On the AI Engine processor, data may be packetized into window buffers, which are mapped to local memory.
Window buffers can be accessed with 256-bit wide load/store operation, hence offering a throughput of up to 256 Gbps (based on 1 GHz AIE clock).
In the case of FIRs, each window is extended by a margin so that the state of the filter at the end of the previous iteration of the window may be restored before new computations begin.
Window buffers are implemented using a ping-pong mechanism, where the consumer kernel would read the ping portion of the buffer while the producer would fill the pong portion of the buffer that would be consumed in the next iteration.
In each iteration run, the kernel operates on a set number of samples from the window buffer - defined by the template parameter TP_INPUT_WINDOW_VSIZE
. To allow the kernel to safely operate on buffered data a mechanism of lock acquires and releases is implemented.
Note
Window interface is not available in Super Sample Rate modes.
Maximizing Throughput
Buffer synchronization requirements introduce a fixed overhead when a kernel is triggered.
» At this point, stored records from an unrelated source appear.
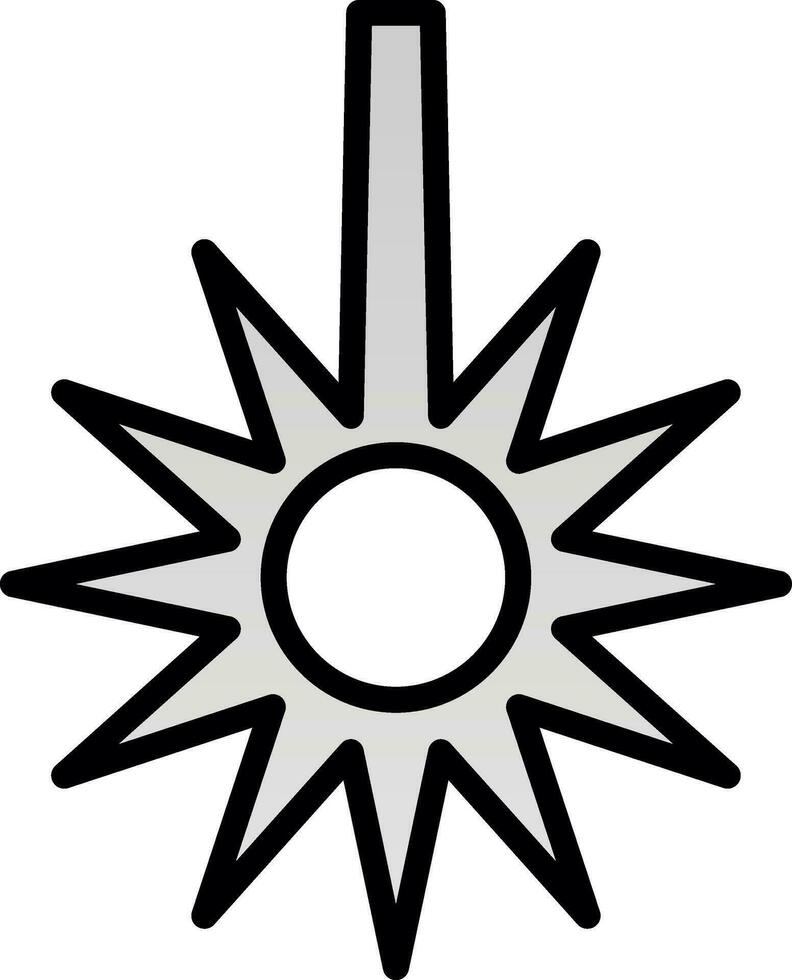 Overstitch Vector Icon Design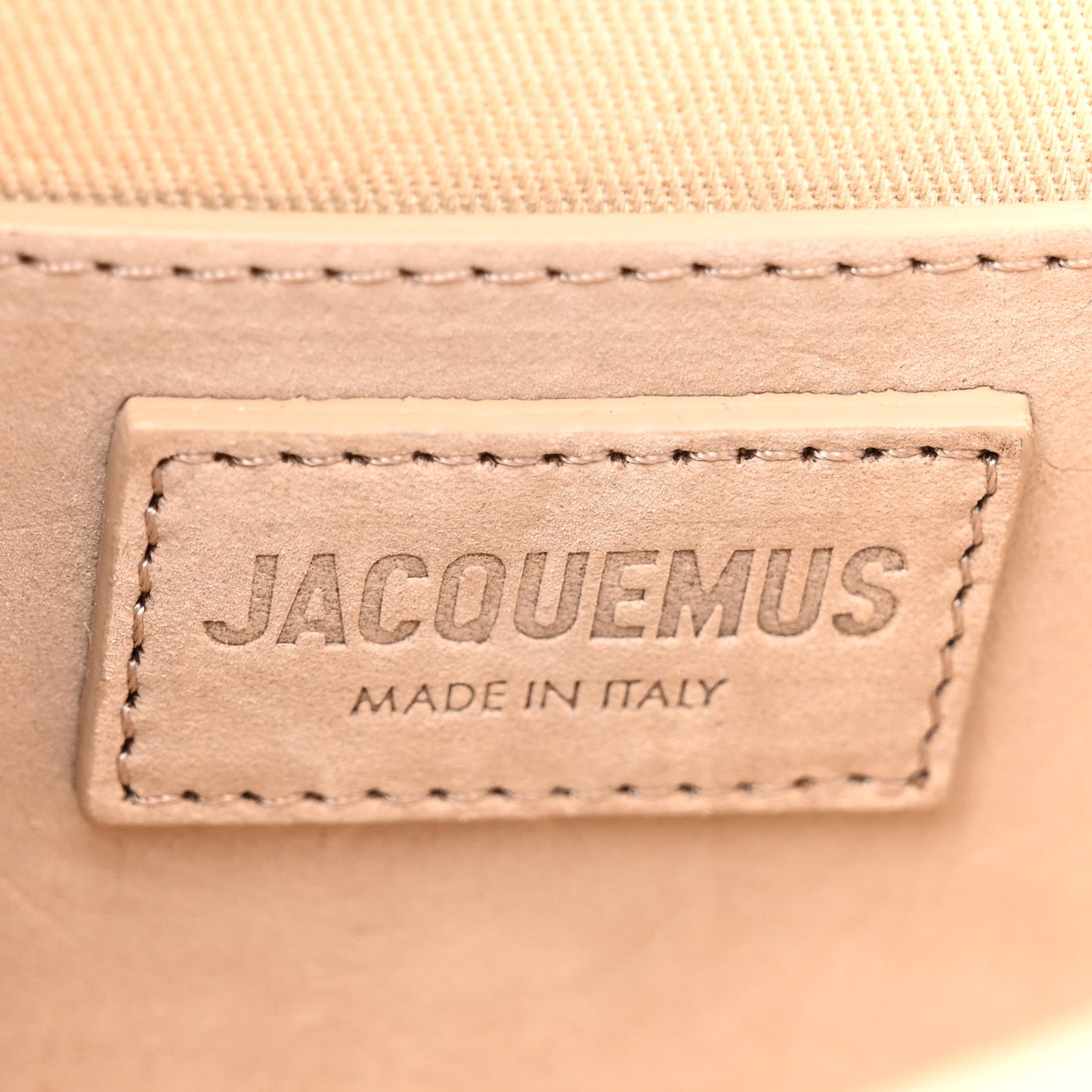 Nubuck Le Grand Bambino Dark Beige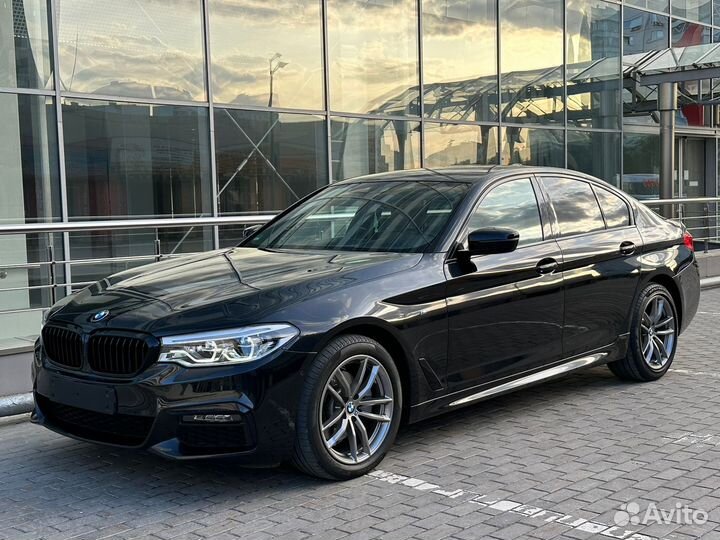 BMW 5 серия 2.0 AT, 2020, 50 000 км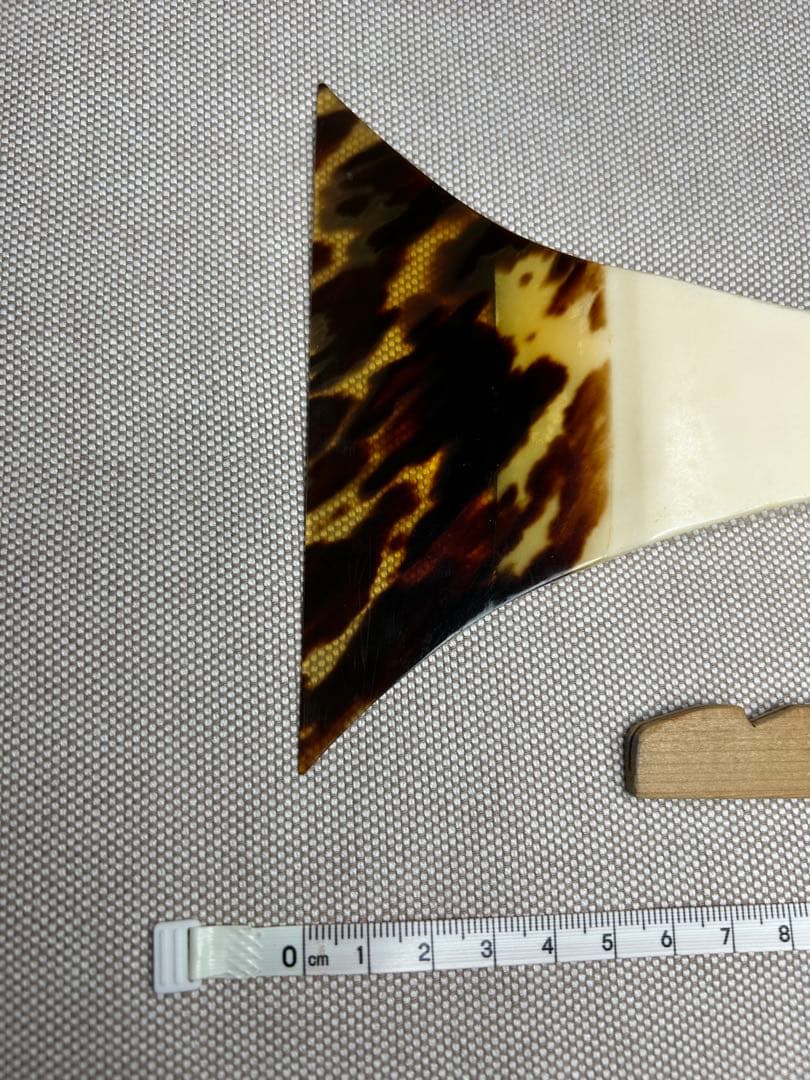 匿名配送 三味線 撥 鼈甲? 地唄用?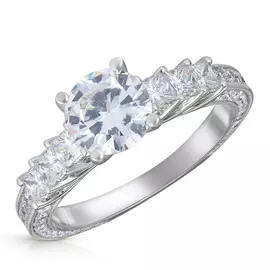 Кольцо из золота DS000063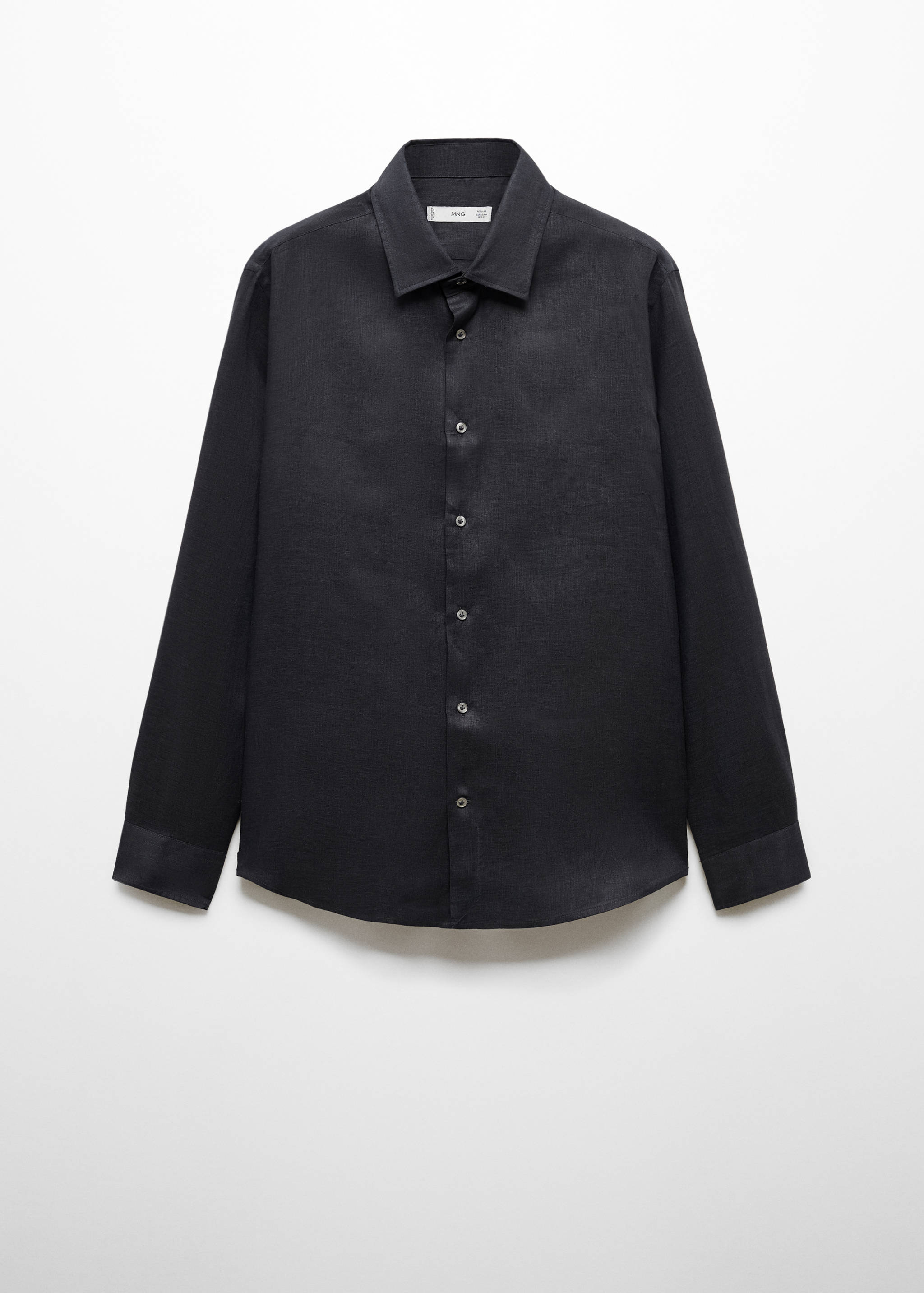 Chemise regular fit 100 % lin - Article sans modèle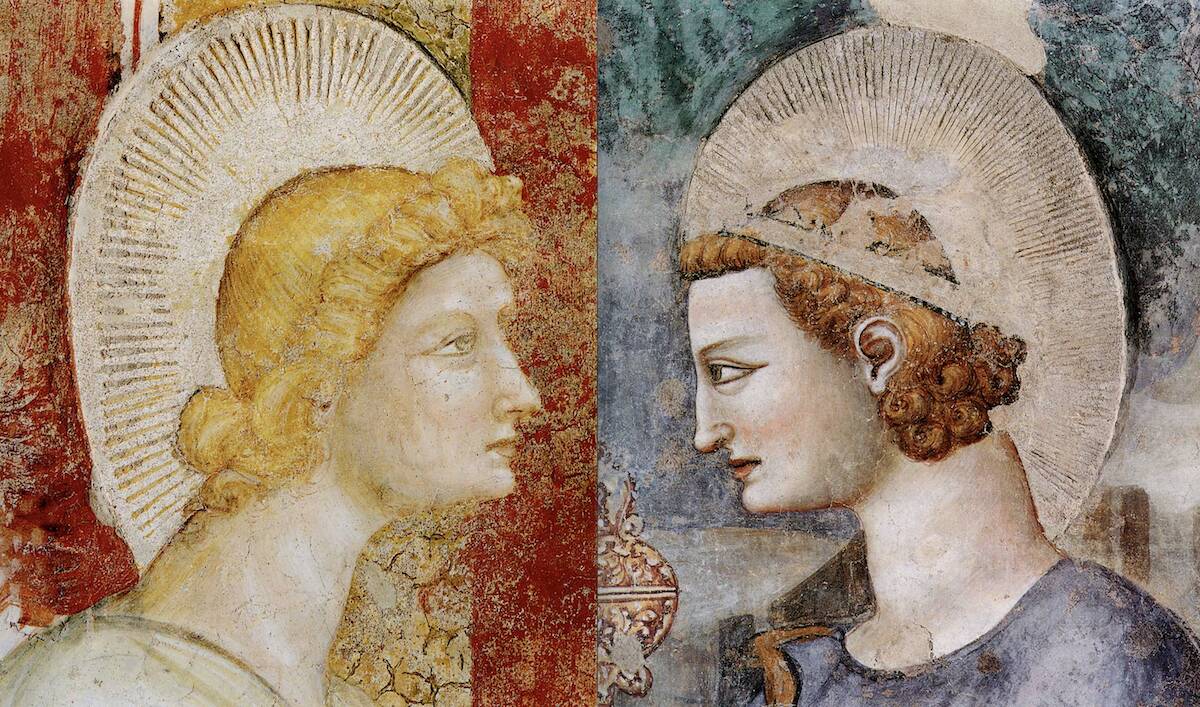 Artisti riminesi della scuola di Giotto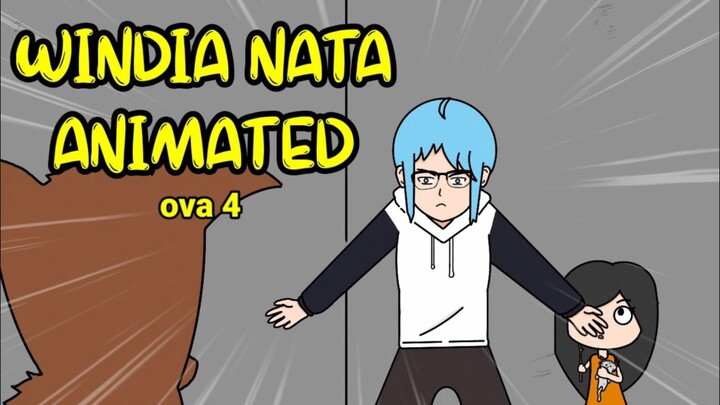 Nata menolong adik kecil - Damachi animation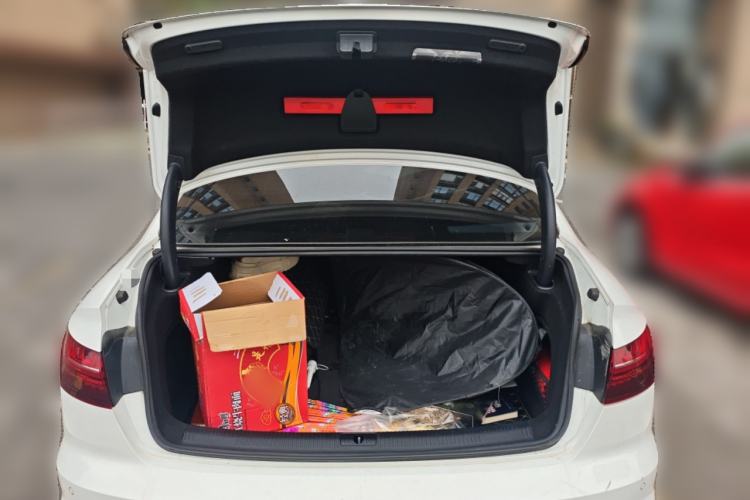 Used Audi A4L 2020 40 TFSI Fashion Dynamic Model Trunk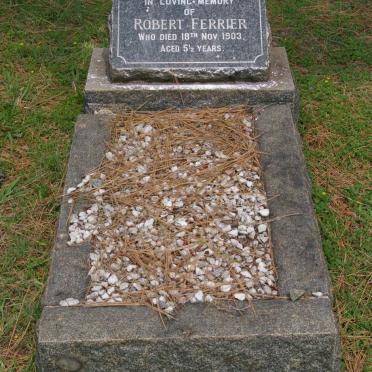 FERRIER Robert -1903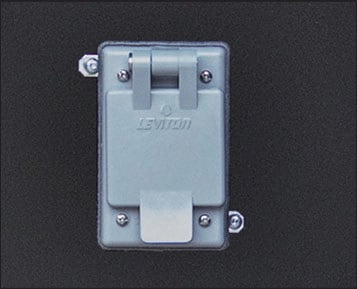 External Power Inlet Compatible With Standard 15A Connections
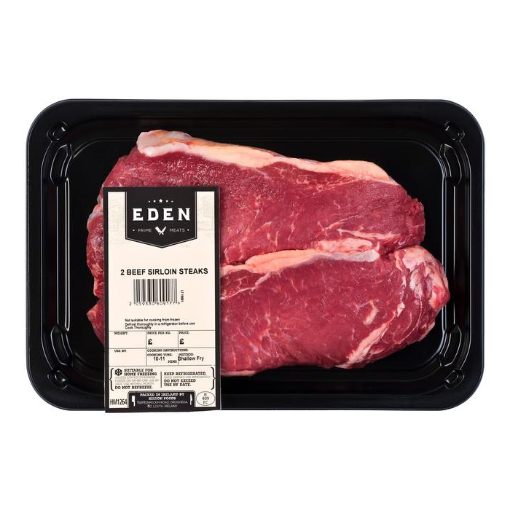 Billede af Beef Sirloin Steaks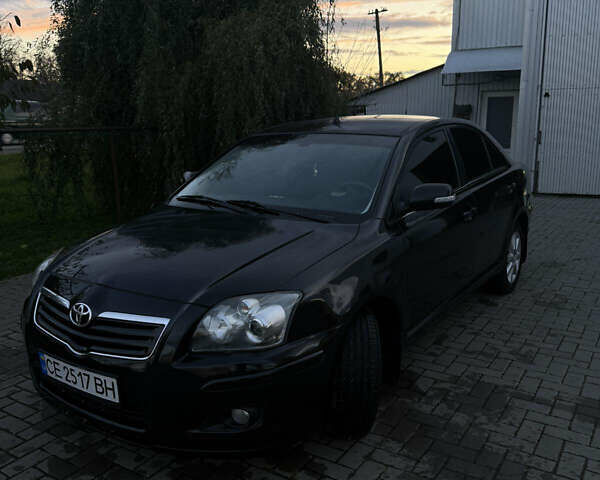 Черный Тойота Авенсис, объемом двигателя 1.79 л и пробегом 203 тыс. км за 7200 $, фото 2 на Automoto.ua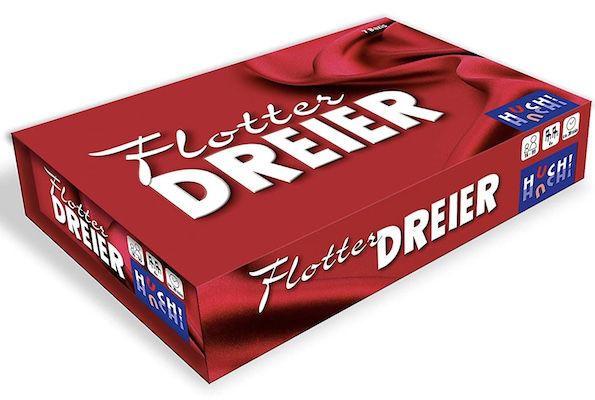 Flotter Dreier   Kar­ten­spiel für 4+ Spieler ab 16 Jahren für 12€ (statt 19€)   Prime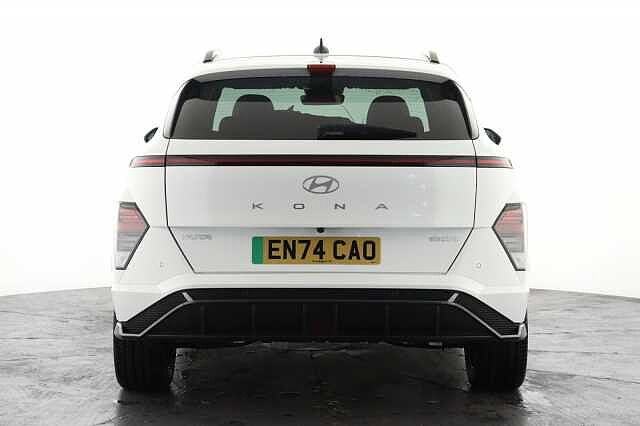 Hyundai KONA 160kW N Line S 65kWh 5dr Auto White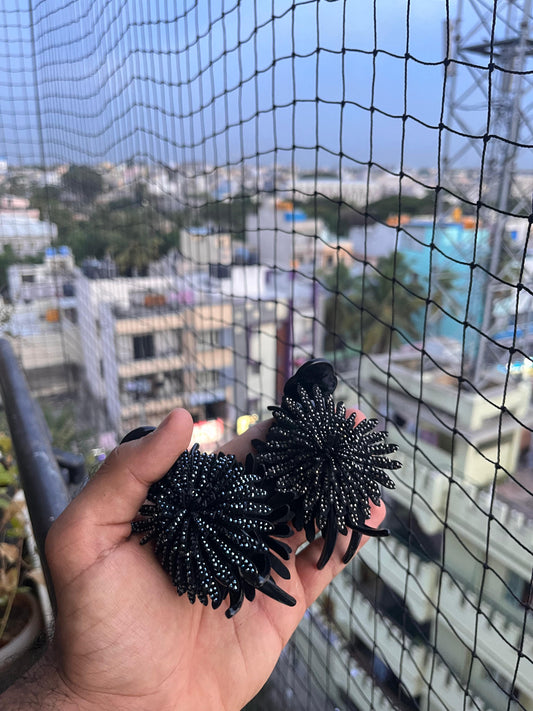 Premium Glossy Hair Clutch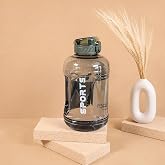 2200 ml Suluk 2.2 Litre - Kilitli Kapaklı Geniş Hacimli Matara (Yeşil)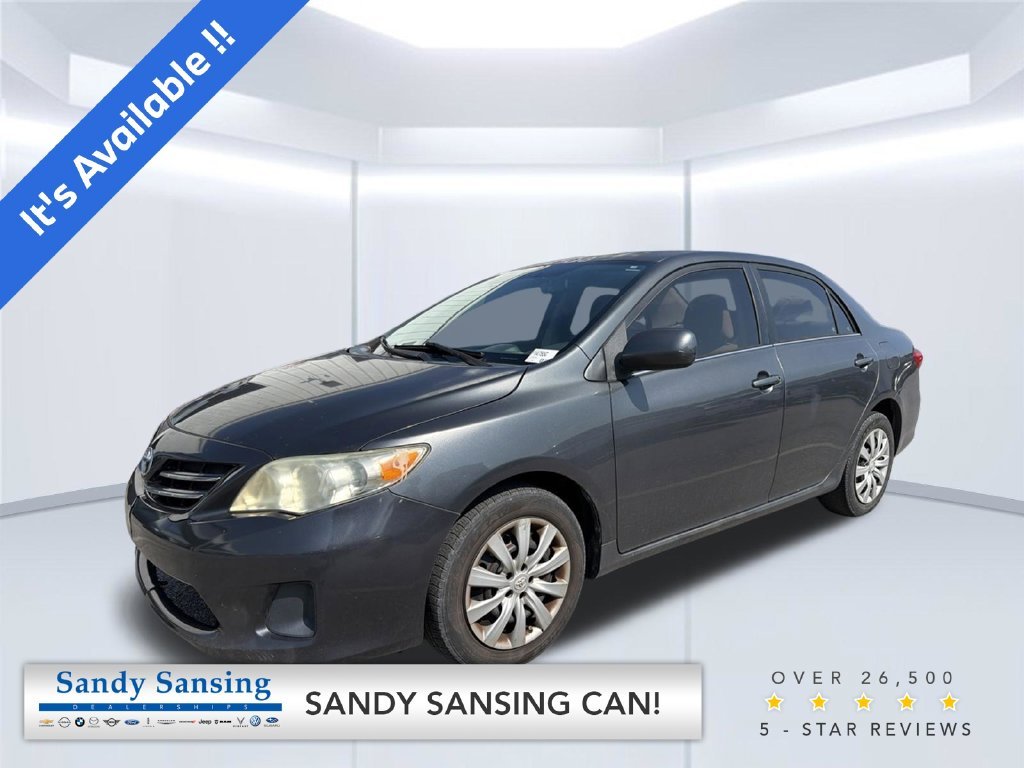 Used 2013 Gray Toyota LE image 1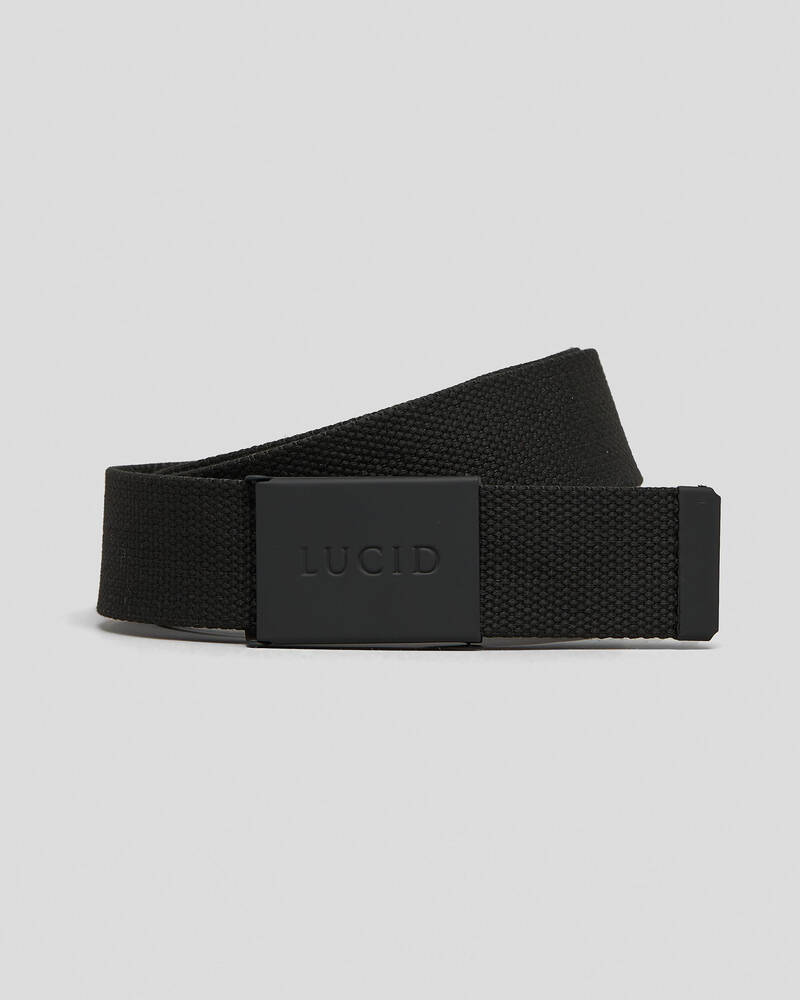 Lucid Boys' Viper Web Belt for Mens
Therefore, to maximize throughput, the window size should be set to the maximum that the system will allow.
For example, a 4 tap single-rate symmetric FIR with a 2560 sample input/output window operating on int32
data with int16
implemented on AIE can produce an output window buffer in 354 clock cycles, which - taking into account kernel’s startup overhead (around 40 lock cycles) - equates to throughput of close to 6500 MSa/s (based on 1 GHz AIE clock).
Note
To achieve maximum performance, producer and consumer kernels should be placed in adjacent AIE tiles, so the window buffers can be accessed without a requirement for MM2S/S2MM DMA stream conversions.
Latency
Latency of a window-based FIR is predominantly due to the buffering in the input and output windows. Other factors which affect latency are data and type and FIR length, though these tend to have a lesser effect.
For example, a 16 tap single-rate symmetric FIR with a 512 sample input/output window operating on cint16
data with int16
coefficients implemented on AIE will need around 2.56 us (based on 1 GHz AIE clock) before first full window of output samples is available for the consumer to read.
Subsequent iterations will produce output data with reduced latency, due to the nature of ping-pong buffering and pipelined operations.
To minimize the latency, the buffer size should be set to the minimum size that meets the required throughput.